Prompt.
Copy out the data below from the line containing "Shaded and fenced jumping pillow" to the line containing "En modern köksdiskho", both lines included, with all images left out.

Extracted data.

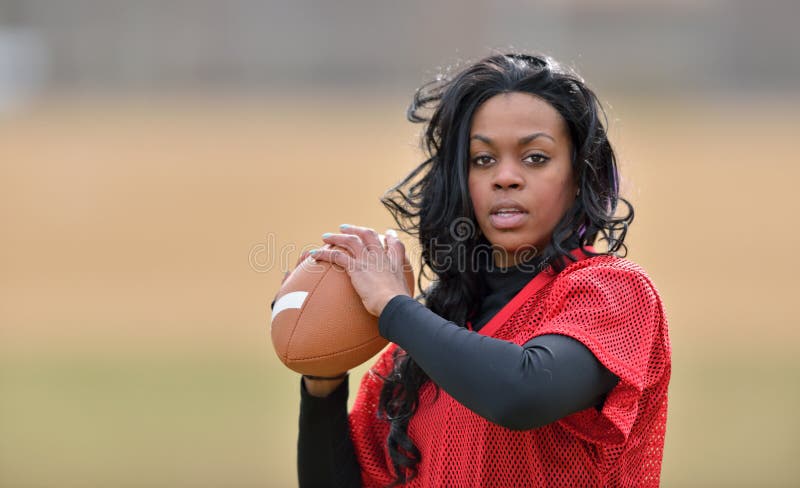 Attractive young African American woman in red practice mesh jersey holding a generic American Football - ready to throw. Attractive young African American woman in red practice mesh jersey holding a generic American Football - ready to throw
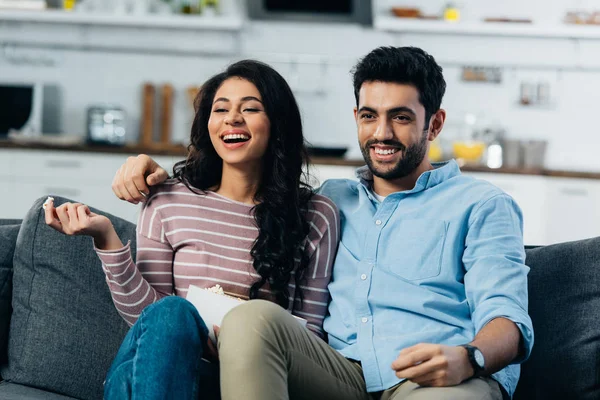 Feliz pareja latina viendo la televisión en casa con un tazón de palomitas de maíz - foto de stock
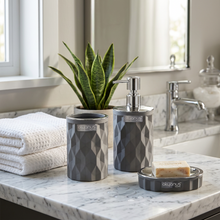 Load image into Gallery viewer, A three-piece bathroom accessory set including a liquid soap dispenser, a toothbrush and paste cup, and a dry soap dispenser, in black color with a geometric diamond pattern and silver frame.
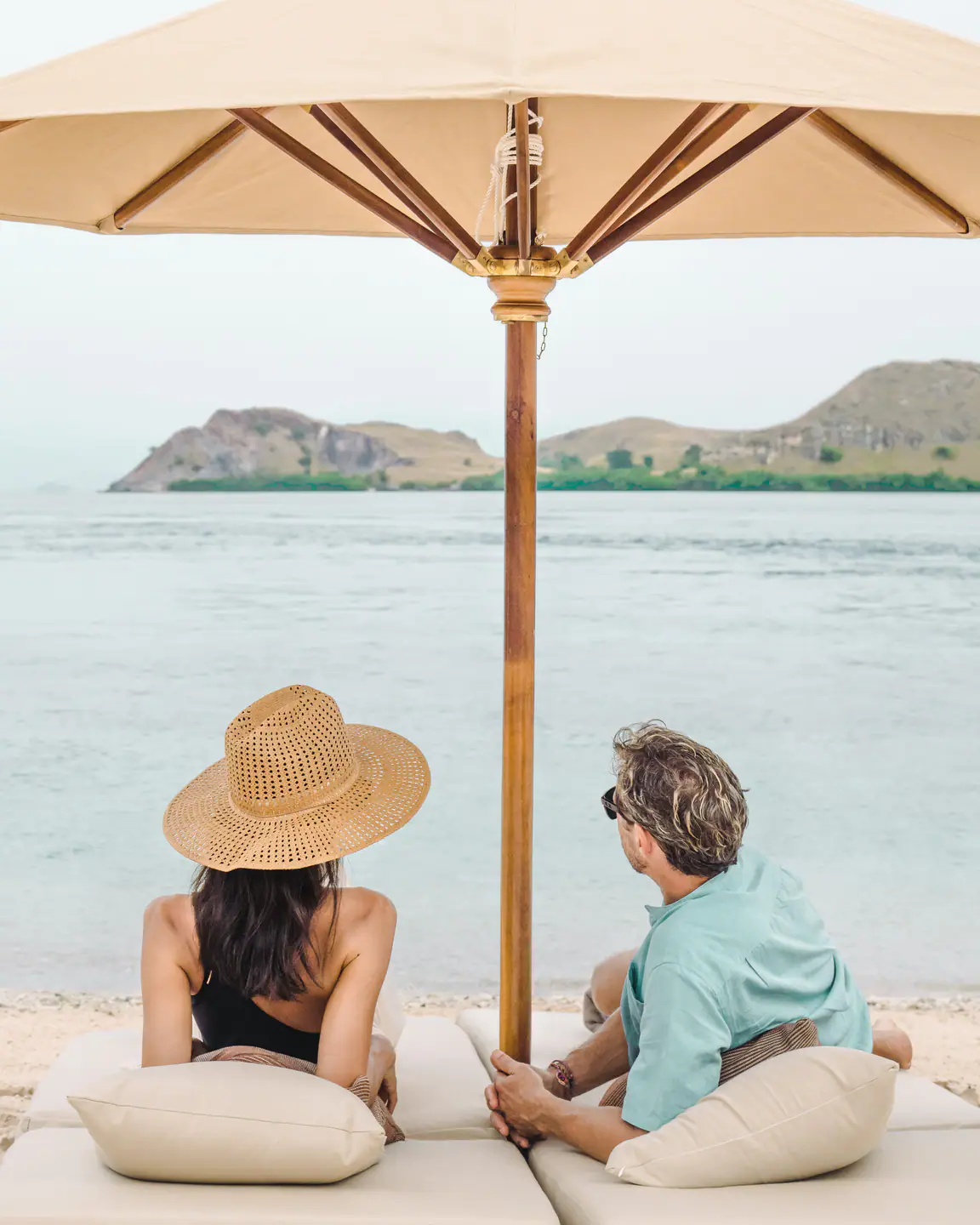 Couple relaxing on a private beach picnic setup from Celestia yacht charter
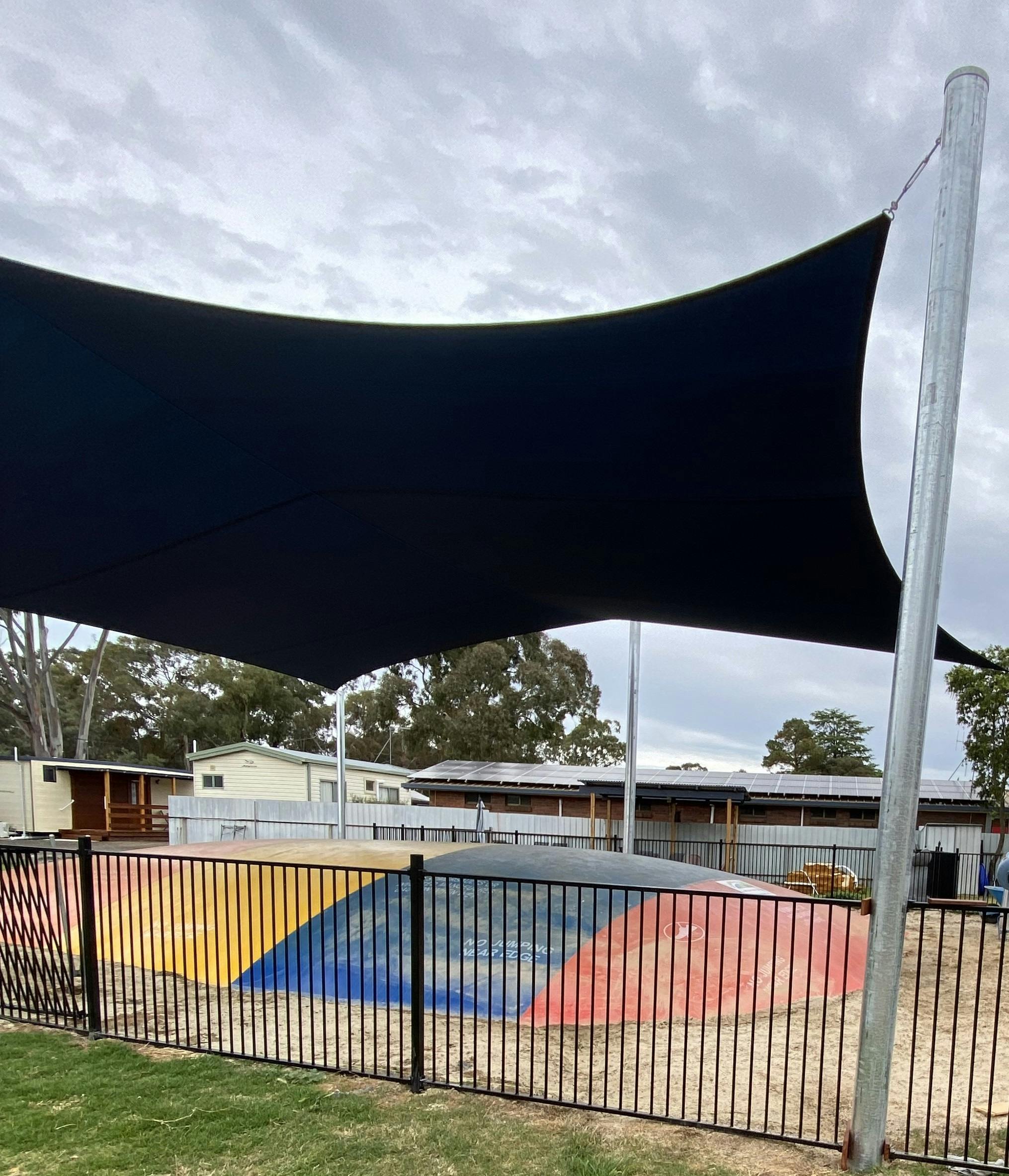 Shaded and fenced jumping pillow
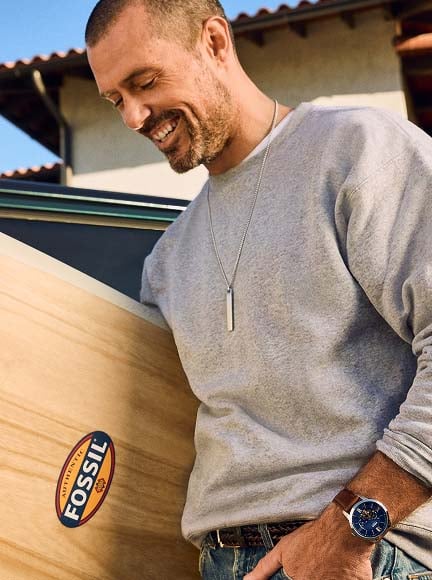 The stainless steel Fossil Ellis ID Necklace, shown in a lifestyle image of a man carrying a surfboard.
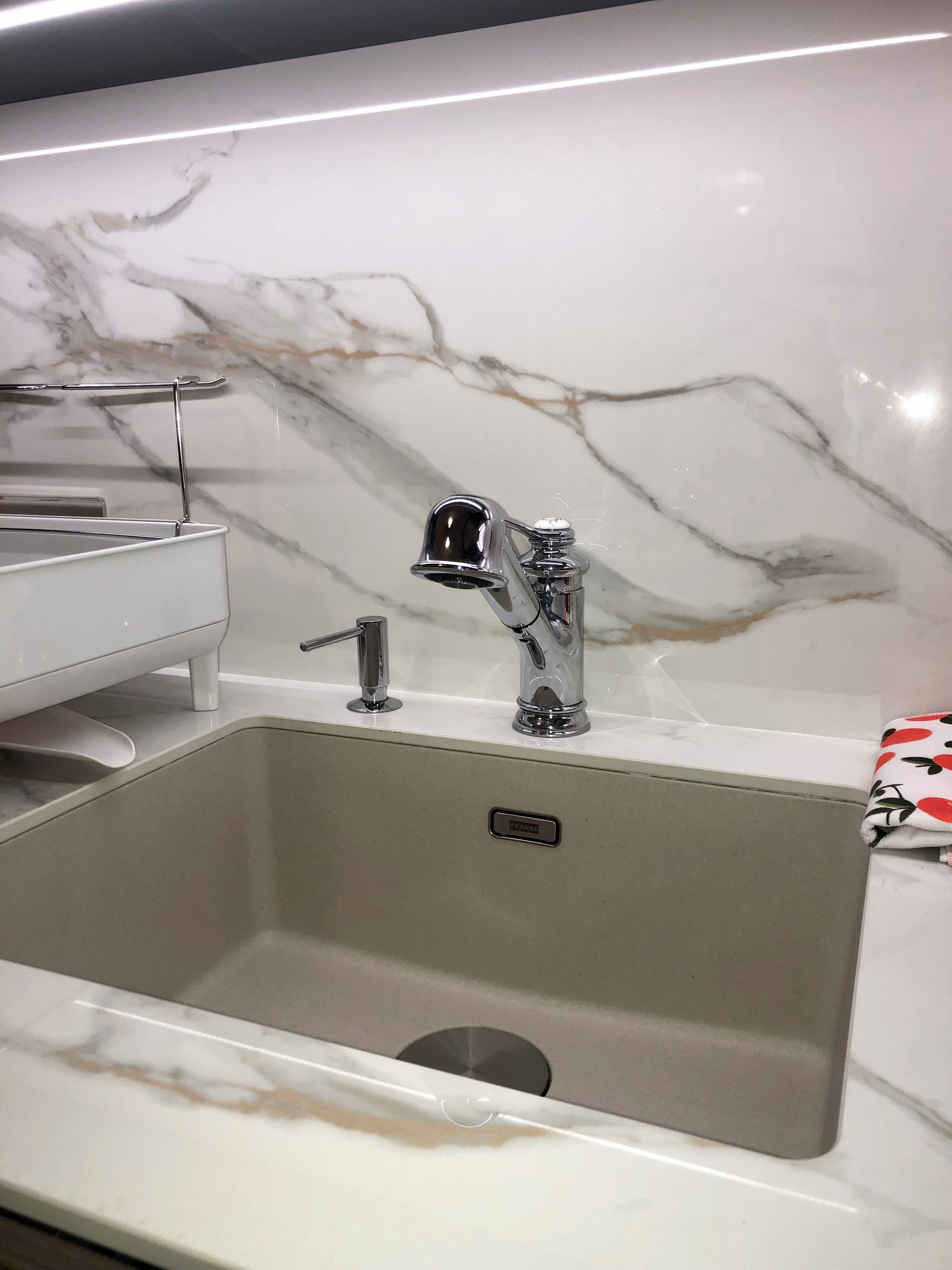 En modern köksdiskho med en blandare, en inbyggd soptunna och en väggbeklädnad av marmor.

* * *

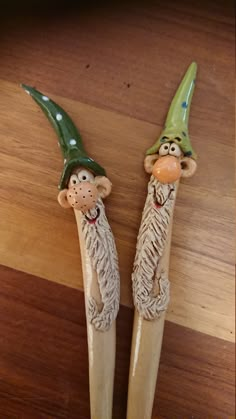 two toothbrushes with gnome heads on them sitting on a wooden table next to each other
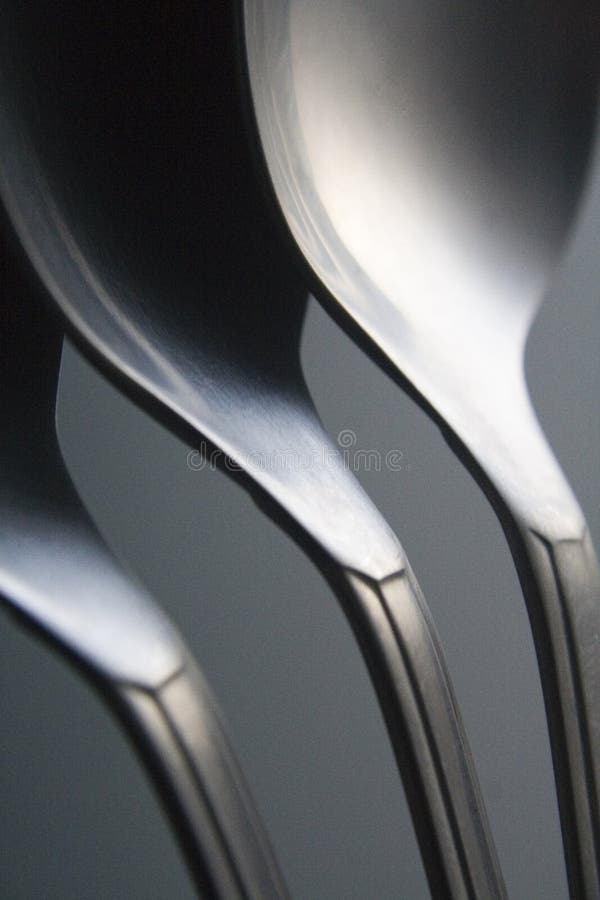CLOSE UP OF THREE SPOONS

Task response.
 Shaded and fenced jumping pillow
 The stainless steel Fossil Ellis ID Necklace, shown in a lifestyle image of a man carrying a surfboard.
 En modern köksdiskho med en blandare, en inbyggd soptunna och en väggbeklädnad av marmor.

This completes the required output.